Skip the pictures. Set down, word for word, the lines from the start of the material up to and including the line with "不幸な表情と泣き声で悲しみと".

================

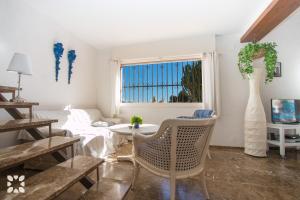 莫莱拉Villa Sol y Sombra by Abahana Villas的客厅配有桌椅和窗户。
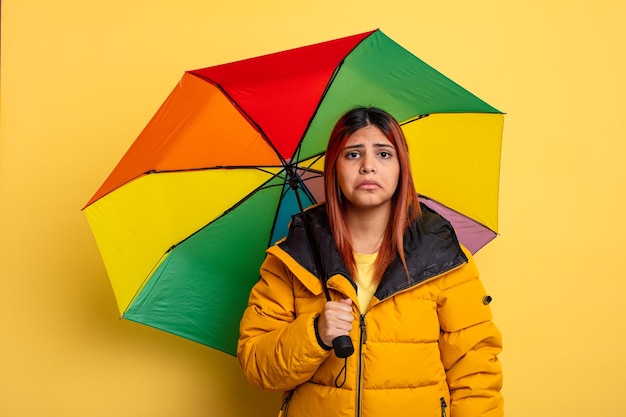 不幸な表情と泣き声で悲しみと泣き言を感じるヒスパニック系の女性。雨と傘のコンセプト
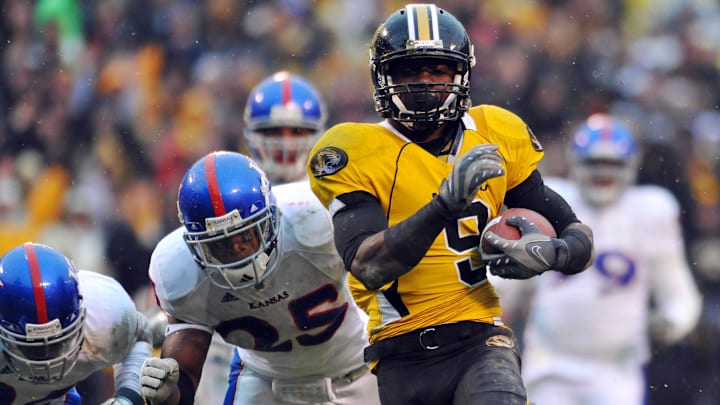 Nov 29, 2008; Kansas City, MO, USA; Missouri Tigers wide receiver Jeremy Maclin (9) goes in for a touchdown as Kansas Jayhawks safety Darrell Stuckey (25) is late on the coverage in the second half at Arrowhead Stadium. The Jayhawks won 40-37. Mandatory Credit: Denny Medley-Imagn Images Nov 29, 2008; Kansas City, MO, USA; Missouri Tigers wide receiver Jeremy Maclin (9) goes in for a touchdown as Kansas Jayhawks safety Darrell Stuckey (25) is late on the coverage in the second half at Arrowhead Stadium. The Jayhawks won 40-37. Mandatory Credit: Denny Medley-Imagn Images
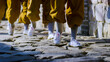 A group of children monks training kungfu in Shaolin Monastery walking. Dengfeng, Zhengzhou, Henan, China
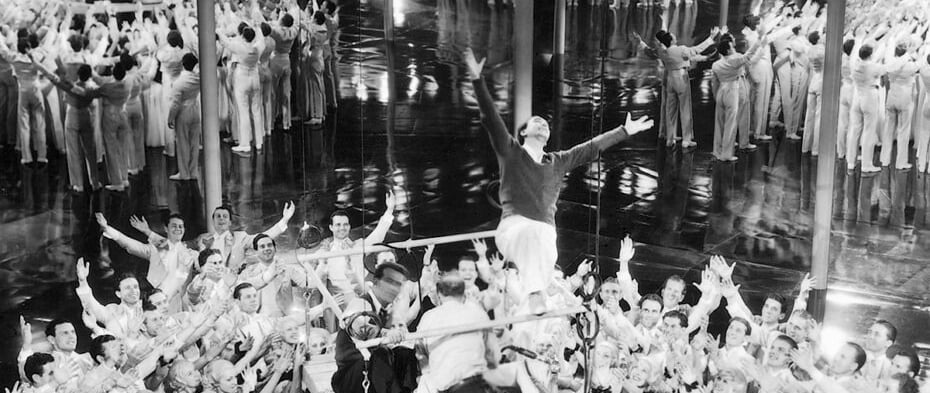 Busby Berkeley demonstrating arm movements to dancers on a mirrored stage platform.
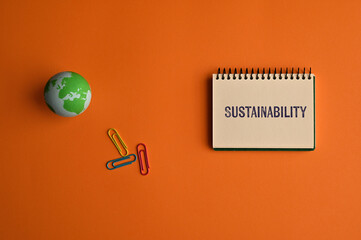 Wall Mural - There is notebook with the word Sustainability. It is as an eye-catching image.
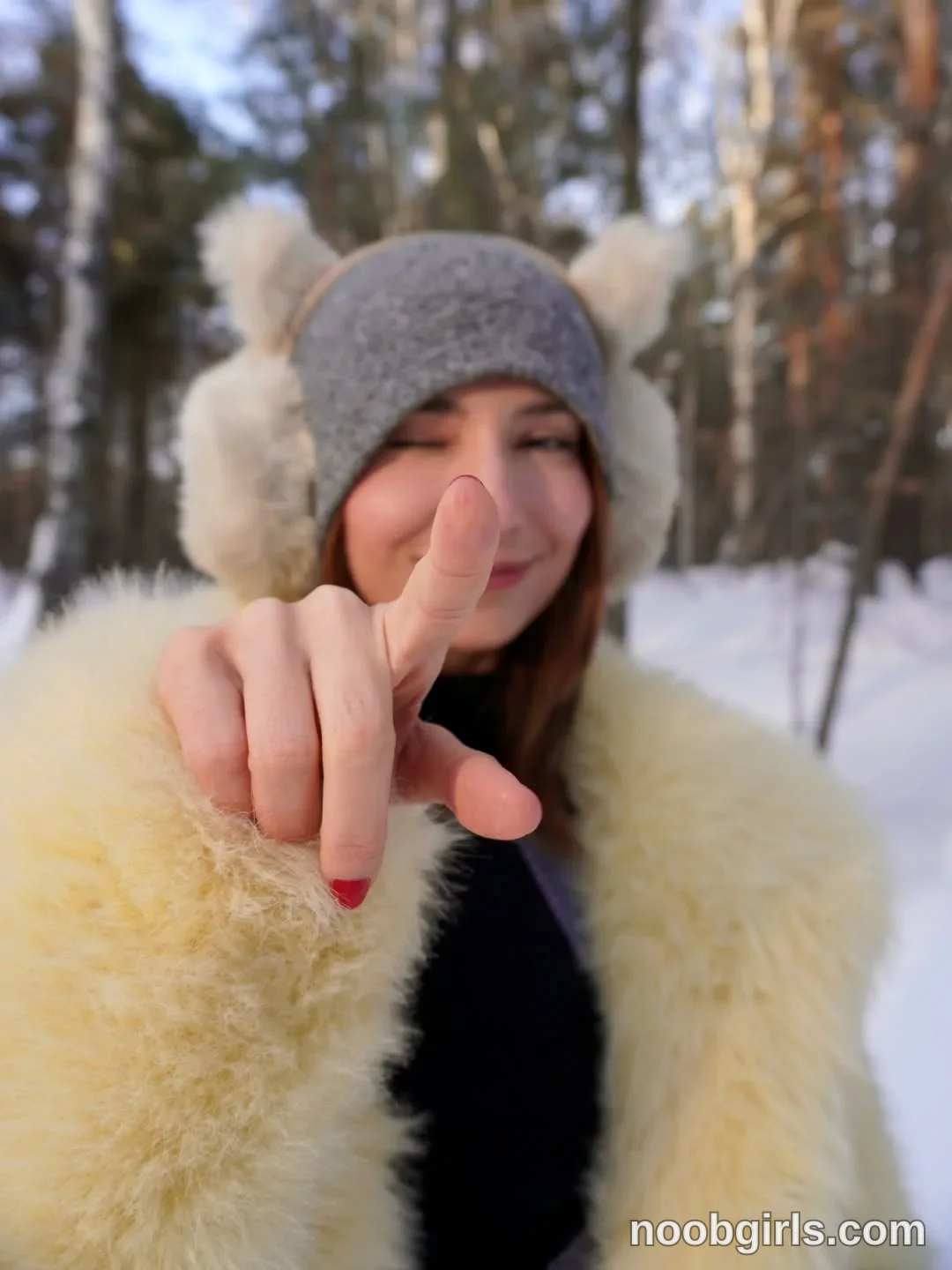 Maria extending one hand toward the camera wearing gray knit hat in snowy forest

================

Response for this exercise
 莫莱拉Villa Sol y Sombra by Abahana Villas的客厅配有桌椅和窗户。
 不幸な表情と泣き声で悲しみと泣き言を感じるヒスパニック系の女性。雨と傘のコンセプト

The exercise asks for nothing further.